Germans and Democracy deals with three themes:

  • How Germany was reconstructed as a democracy after the Third Reich
  • How Germans try to come to terms with their history
  • To what extent democratic norms have become internalized

On the surface, Germany has made progress towards democracy, but is it real or is it superficial?

Television, in both non-fiction and dramatic form, has provided us with continual evidence of the crimes and the criminals of more than half a century ago. And books about the War, the Holocaust and the principals continue to roll out from publishers around the world. Far less is told about Germany's public culture in the decades since.

The significant offering of this documentary is a truly remarkable series of conversations, heart to heart talks and interviews with Germans in many areas of life, of different political views, and of many ages, including interviews with Germans who took part in the War and now have a 50-to-60 year perspective.

More than eighty persons have already been interviewed and the identities of some are startling: Martin Bormann Jr., son of Hitler's trusted confidante; Manfred Rommel, son of Field Marshall Erwin Rommel; Franz von Hammerstein, son of a former Chief of the German General Staff and a survivor of Dachau and Buchenwald; Isa Walter, granddaughter of the SS general in command of the massacre at Babi Yar; former SS soldier Ernst Otto Duschenleit, now an activist against neo-Nazism; and many others.

The documentary Germans and Democracy has really just begun its work. People are now coming forward, volunteering to talk frankly and openly. And others who have avoided the subject, or have never been asked about it, are, it turns out, anxious to discuss what has happened to them and to Germany (both West and East) since the end of the War.

It appears that democracy could only take root to the degree that the horrendous crimes committed under Nazism were collectively remembered by Germans in public. A measure of post-war Germans' democratic feeling is their readiness to recognize their collective responsibility --not guilt -- as a people, and so take ownership of their history and their future. That process took more than twenty years to begin.

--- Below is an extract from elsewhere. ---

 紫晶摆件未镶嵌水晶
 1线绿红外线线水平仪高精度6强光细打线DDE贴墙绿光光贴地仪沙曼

That is the impact of all of the documentary's contacts and interviews and observations -- to determine if Germans have developed a civic culture that is viscerally democratic -- or if they are just living within a structure that looks like democracy in good times, but might revert to authoritarianism in hard times.

What they are telling us -- and continue to tell us -- provides some strong clues. Democracy in Germany certainly looks solid. But the same issues challenging all European democracies -- notably immigration and race relations -- have a special resonance against the backdrop of Germany's past. Dozens of citizens' initiatives, and widespread democratic activism, became mobilized only in the wake of persistent assaults on "non-Germans" by a highly visible radical right. Some say German society willfully closed its eyes to radical right-wing manifestations for years, even decades. And that there is no difference between the "new" right and the old right.

The reality is complex, and the documentary presents this complexity without ignoring anything, but with a definite viewpoint. In essence, it is this: the main reason the Weimar Republic failed is that it was fundamentally a "democracy without democrats." The idea of Democracy itself had pitifully few defenders. Germans and Democracy shows that the second German Republic, now half a century old, includes among its people untold thousands of "ordinary Germans" prepared to act together in collective defense of the right of "different" people to be different. And that, arguably, is the most important indicator of any people's democratic spirit.